Is an insurance agent an employee or an independent contractor?
This question came before the Court of First Instance (the "CFI") in the case of Leung Suk Fong Peggy v The Prudential Assurance Company Limited (HCME 11/2010). The CFI held that the insurance agent in this case was an independent contractor.
The defendant was an insurance company. The claimant was engaged by the defendant as an insurance agent under a written agreement (the "Agreement") which contained, among others, an express provision stating that "[i]t is... expressly agreed and understood that nothing under this... Agreement...is intended or intended to be construed as being capable of giving rise to an employment contract or contract of service". The Agreement was later terminated by the defendant.

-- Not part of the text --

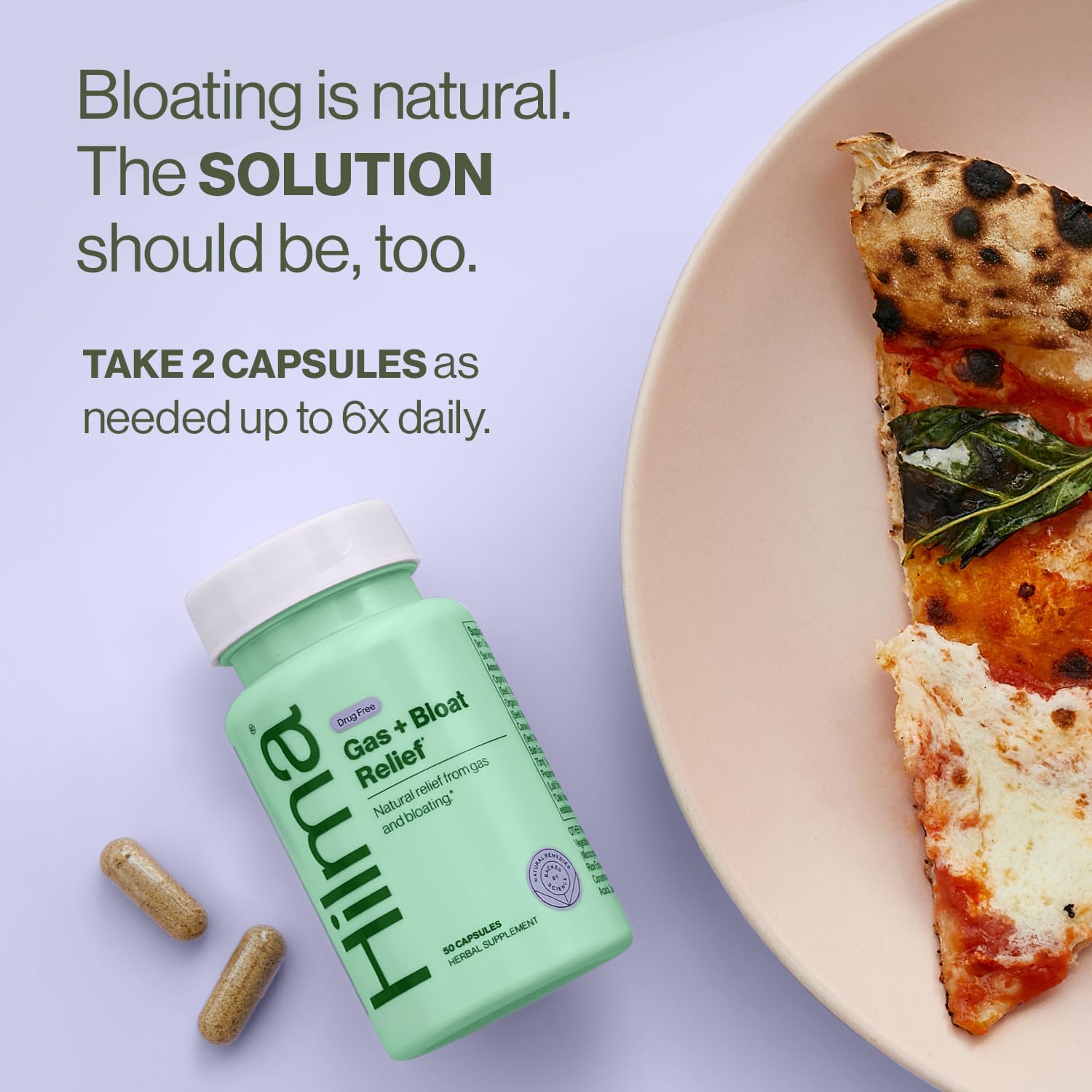 Hilma herbal supplement capsules for bloating relief supplement facts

The claimant lodged a claim against the defendant with the Minor Employment Claims Adjudication Board (the "Board") for arrears of wages, statutory holiday pay and annual leave pay on the basis that she was an employee of the defendant. When the Board dismissed her claim, she appealed to the CFI, having first been granted leave by the CFI to appeal.
The only issue of substance before the CFI was whether the claimant was the defendant's employee. The CFI held that the claimant was not an employee of the defendant.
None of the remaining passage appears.